KEY POINTS:
Reserve Bank Governor Alan Bollard's foot is likely to hover closer to the brake than the accelerator after wage growth accelerated in the December quarter.
Statistics New Zealand's Labour Cost Index recorded a rise of 1.1 per cent in private sector ordinary time wage rates, pushing the annual increase to 3.5 per cent. It was the largest quarterly increase since the statistics series began in 1992 and stronger than the 0.9 per cent expected.
The index is a measure of underlying wage inflation because it is adjusted to exclude for increases in pay rates due to higher productivity.
The raw increase, before that adjustment, was 1.3 per cent in the quarter, or 5 per cent for the year.
Only 59 per cent of pay rates have been adjusted during the past year. Most of the increases (24 of the 59 per cent) rose between 3 and 5 per cent and most of the rest (21 of the 59 per cent) by more than 5 per cent.
Council of Trade Unions economist Peter Conway said a catch-up in wages was needed.
"The labour market has been tight for six years, yet wage growth has been modest to say the least."
Inflation is at 3.2 per cent and workers faced higher petrol costs and in many cases mortgage payments too.
"We need wages to rise to attract and retain workers and this level of increase will not add significantly to inflation pressures caused by food and petrol price rises," Conway said.
Westpac chief economist Brendan O'Donovan said the Reserve Bank's December forecasts implied a 0.8 per cent increase for the quarter - compared with the outcome of 1.1 per cent - and slowing wage growth from the middle of next year.
"Today's outcome is likely to make the bank feel very uncomfortable.
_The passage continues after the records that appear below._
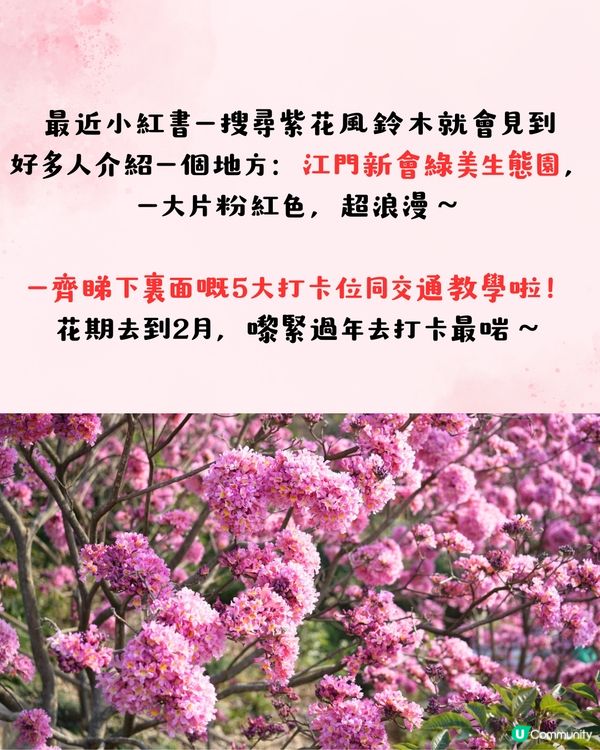 江門新會綠美生態園紫花風鈴木📸逾6000棵/一片粉紅色‼️超浪漫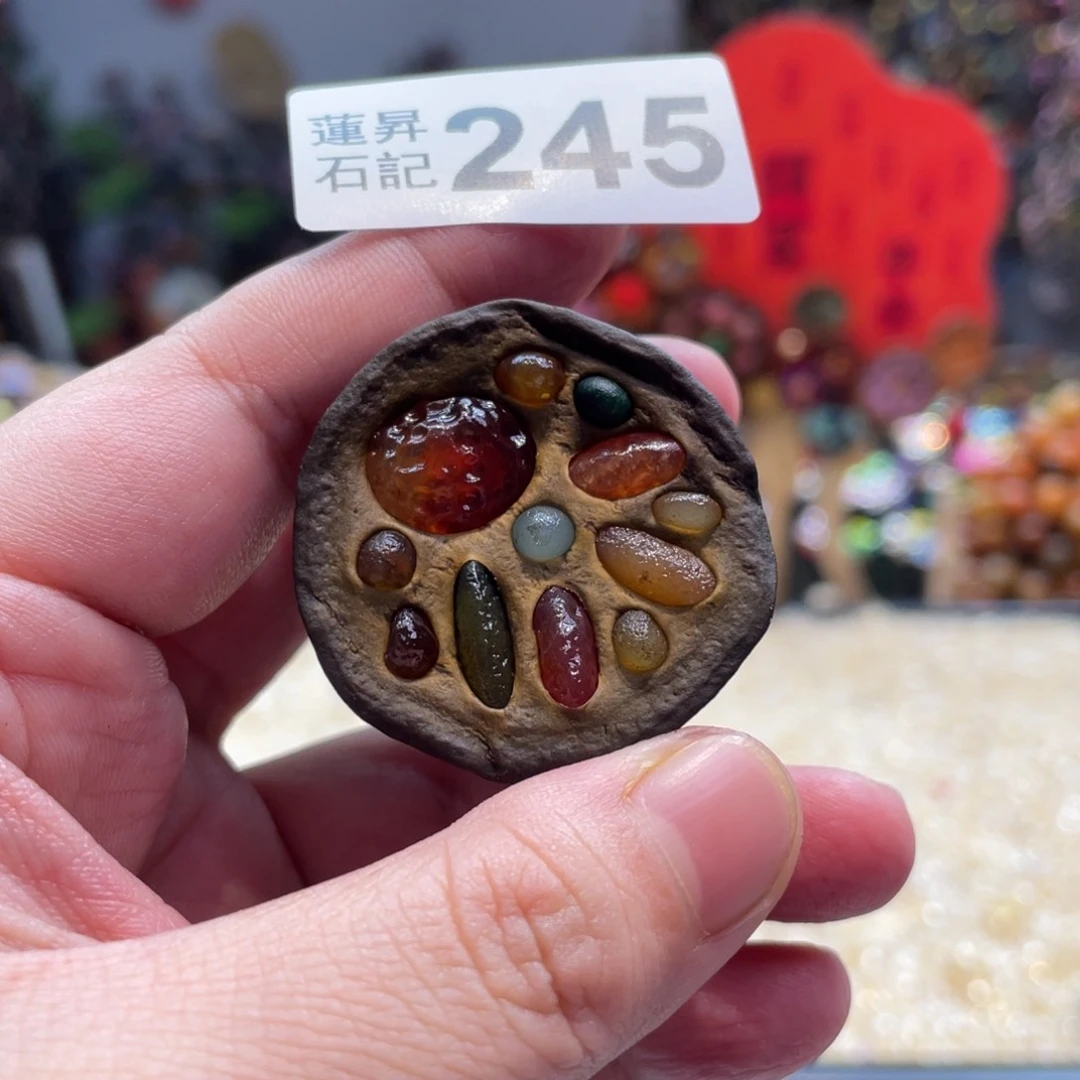 核桃木/黑胡桃（胡桃木）糖*+245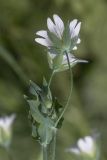 Cerastium davuricum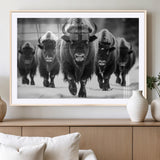 79872-MGV-CV-36X24-Bison Herd Wall Art – Black and White Buffalo on Snow Canvas Print, Rustic Wildlife Decor for Lodge, Cabin, or Living Room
The labour cost index is a very reliable and stable series that rarely gives false signals," he said.
"Wage growth has steadily accelerated over the past five years, reflecting a rising trend in underlying inflation. With wage growth now firmly entrenched about 3 per cent, the Reserve Bank should be very worried about its ability to deliver inflation between 1 and 3 per cent over the medium term."
ASB economist Daniel Wills said the economy's resources were stretched and that was unlikely to change any time soon.
"Firms appear shy of investing in plant and machinery in the current environment ... and with net immigration trending down since November 2006, labour shortages also look here to stay for some time."
ANZ National Bank chief economist Cameron Bagrie said labour scarcity would keep upward pressure on wage growth for some time yet.
"The historical relationship between the unemployment rate [currently 3.5 per cent] and wage inflation suggests elevated wage growth for the next 12 to 18 months."